ABOUT THIS EXERCISE:
Transcribe each record exactly as it appears.

RECORDS FOR THE TASK:
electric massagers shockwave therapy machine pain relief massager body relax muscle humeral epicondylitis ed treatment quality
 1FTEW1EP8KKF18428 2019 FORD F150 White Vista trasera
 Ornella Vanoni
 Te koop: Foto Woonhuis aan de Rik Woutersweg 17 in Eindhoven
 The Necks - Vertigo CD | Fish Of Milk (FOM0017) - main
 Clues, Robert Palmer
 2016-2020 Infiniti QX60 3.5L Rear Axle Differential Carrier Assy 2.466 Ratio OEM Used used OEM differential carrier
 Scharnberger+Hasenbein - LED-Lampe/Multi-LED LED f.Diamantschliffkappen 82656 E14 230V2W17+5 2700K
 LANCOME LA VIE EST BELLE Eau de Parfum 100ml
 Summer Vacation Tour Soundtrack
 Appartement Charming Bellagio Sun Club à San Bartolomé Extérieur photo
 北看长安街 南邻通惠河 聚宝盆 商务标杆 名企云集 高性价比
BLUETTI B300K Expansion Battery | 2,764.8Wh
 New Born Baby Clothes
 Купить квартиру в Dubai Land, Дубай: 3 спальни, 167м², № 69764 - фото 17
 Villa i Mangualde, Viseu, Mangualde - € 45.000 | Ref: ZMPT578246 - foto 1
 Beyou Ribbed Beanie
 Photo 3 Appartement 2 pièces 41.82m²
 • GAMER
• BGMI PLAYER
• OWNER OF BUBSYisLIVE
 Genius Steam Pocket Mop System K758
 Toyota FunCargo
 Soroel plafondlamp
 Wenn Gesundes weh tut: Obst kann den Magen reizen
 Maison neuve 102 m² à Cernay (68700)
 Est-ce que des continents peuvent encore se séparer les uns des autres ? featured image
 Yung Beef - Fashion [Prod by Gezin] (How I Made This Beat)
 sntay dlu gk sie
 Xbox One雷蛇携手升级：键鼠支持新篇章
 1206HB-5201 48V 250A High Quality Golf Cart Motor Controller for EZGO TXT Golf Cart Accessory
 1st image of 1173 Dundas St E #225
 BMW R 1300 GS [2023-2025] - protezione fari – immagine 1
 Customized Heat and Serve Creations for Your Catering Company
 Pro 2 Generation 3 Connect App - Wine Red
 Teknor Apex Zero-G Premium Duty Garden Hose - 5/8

OUTPUT:
electric massagers shockwave therapy machine pain relief massager body relax muscle humeral epicondylitis ed treatment quality
 1FTEW1EP8KKF18428 2019 FORD F150 White Vista trasera
 Ornella Vanoni
 Te koop: Foto Woonhuis aan de Rik Woutersweg 17 in Eindhoven
 The Necks - Vertigo CD | Fish Of Milk (FOM0017) - main
 Clues, Robert Palmer
 2016-2020 Infiniti QX60 3.5L Rear Axle Differential Carrier Assy 2.466 Ratio OEM Used used OEM differential carrier
 Scharnberger+Hasenbein - LED-Lampe/Multi-LED LED f.Diamantschliffkappen 82656 E14 230V2W17+5 2700K
 LANCOME LA VIE EST BELLE Eau de Parfum 100ml
 Summer Vacation Tour Soundtrack
 Appartement Charming Bellagio Sun Club à San Bartolomé Extérieur photo
 北看长安街 南邻通惠河 聚宝盆 商务标杆 名企云集 高性价比
BLUETTI B300K Expansion Battery | 2,764.8Wh
 New Born Baby Clothes
 Купить квартиру в Dubai Land, Дубай: 3 спальни, 167м², № 69764 - фото 17
 Villa i Mangualde, Viseu, Mangualde - € 45.000 | Ref: ZMPT578246 - foto 1
 Beyou Ribbed Beanie
 Photo 3 Appartement 2 pièces 41.82m²
 • GAMER
• BGMI PLAYER
• OWNER OF BUBSYisLIVE
 Genius Steam Pocket Mop System K758
 Toyota FunCargo
 Soroel plafondlamp
 Wenn Gesundes weh tut: Obst kann den Magen reizen
 Maison neuve 102 m² à Cernay (68700)
 Est-ce que des continents peuvent encore se séparer les uns des autres ? featured image
 Yung Beef - Fashion [Prod by Gezin] (How I Made This Beat)
 sntay dlu gk sie
 Xbox One雷蛇携手升级：键鼠支持新篇章
 1206HB-5201 48V 250A High Quality Golf Cart Motor Controller for EZGO TXT Golf Cart Accessory
 1st image of 1173 Dundas St E #225
 BMW R 1300 GS [2023-2025] - protezione fari – immagine 1
 Customized Heat and Serve Creations for Your Catering Company
 Pro 2 Generation 3 Connect App - Wine Red
 Teknor Apex Zero-G Premium Duty Garden Hose - 5/8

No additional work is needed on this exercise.